In Figs. 3 and 4, we compare a stochastic conjugate gradient method known as SCGA. Kou’s study also compares SCGA with CGVR in several small-scale datasets. In addition, we compare the convergence of SATCG and SCGA in six smaller datasets. From the experimental results of Comparative Model 1, we observe that SATCG and SCGA perform similarly in the diabetes and fourclass datasets, but SATCG exhibits better descent and stability in the remaining four datasets. But in Model 2, SCGA has a better performance.

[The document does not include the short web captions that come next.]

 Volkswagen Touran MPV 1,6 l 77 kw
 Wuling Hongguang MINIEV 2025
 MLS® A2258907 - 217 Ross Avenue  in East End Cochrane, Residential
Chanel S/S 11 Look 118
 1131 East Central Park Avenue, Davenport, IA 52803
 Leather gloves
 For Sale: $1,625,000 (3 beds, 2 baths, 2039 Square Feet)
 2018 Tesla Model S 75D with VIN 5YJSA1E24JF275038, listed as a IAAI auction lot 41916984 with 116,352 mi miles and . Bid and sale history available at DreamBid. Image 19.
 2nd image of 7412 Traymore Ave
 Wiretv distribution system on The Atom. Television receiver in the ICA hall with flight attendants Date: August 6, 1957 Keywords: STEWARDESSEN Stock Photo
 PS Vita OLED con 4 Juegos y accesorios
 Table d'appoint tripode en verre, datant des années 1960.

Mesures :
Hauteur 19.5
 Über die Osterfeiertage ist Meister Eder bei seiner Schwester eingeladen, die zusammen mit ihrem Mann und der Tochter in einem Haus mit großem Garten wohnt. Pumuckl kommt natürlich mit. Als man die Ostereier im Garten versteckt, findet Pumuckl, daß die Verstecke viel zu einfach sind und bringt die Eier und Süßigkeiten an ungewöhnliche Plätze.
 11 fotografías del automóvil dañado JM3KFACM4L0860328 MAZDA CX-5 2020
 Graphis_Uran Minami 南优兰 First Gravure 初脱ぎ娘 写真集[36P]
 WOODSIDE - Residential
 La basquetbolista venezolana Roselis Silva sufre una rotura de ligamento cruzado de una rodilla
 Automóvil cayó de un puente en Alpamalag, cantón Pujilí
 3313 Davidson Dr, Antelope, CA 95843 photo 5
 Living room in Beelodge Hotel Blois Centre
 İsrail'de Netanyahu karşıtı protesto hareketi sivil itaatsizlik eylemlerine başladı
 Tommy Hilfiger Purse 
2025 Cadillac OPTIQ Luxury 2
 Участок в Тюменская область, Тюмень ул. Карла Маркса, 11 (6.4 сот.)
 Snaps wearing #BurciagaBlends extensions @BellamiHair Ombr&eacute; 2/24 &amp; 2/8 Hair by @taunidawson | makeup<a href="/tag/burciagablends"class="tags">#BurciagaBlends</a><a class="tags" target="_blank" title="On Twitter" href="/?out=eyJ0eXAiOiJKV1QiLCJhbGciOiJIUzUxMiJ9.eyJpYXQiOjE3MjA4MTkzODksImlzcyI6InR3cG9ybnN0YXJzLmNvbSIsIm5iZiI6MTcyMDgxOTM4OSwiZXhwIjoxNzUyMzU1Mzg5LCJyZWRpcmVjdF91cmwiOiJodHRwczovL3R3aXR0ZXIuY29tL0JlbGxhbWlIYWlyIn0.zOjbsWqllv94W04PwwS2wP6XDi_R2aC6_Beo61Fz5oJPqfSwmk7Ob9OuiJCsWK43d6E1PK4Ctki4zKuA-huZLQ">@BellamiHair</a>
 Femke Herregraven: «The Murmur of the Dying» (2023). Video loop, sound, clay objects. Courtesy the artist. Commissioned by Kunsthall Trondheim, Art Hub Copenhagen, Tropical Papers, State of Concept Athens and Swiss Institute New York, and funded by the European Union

Figures 5 and 6 show the performance of SATCG with different regularization coefficients on six small-scale data sets. It can be seen that SATCG has better experimental results and faster decline when the regularization coefficient is smaller.

In summary, SATCG offers more advantages compared to SGD algorithms, and it exhibits greater stability and competitiveness than SCGA, Adam, and Rmsprop.

8 Conclusion

In this paper, we present an extension of the modified traditional three-conjugate gradient method and line search technique for immediate optimization. We achieve a linear convergence rate with weaker conditional assumptions in our theoretical analysis. Additionally, we test the convergence of our algorithm across 16 datasets using machine learning models. We compare the results of our algorithm SATCG with several other mainstream algorithms and find that SATCG demonstrates faster and more stable convergence.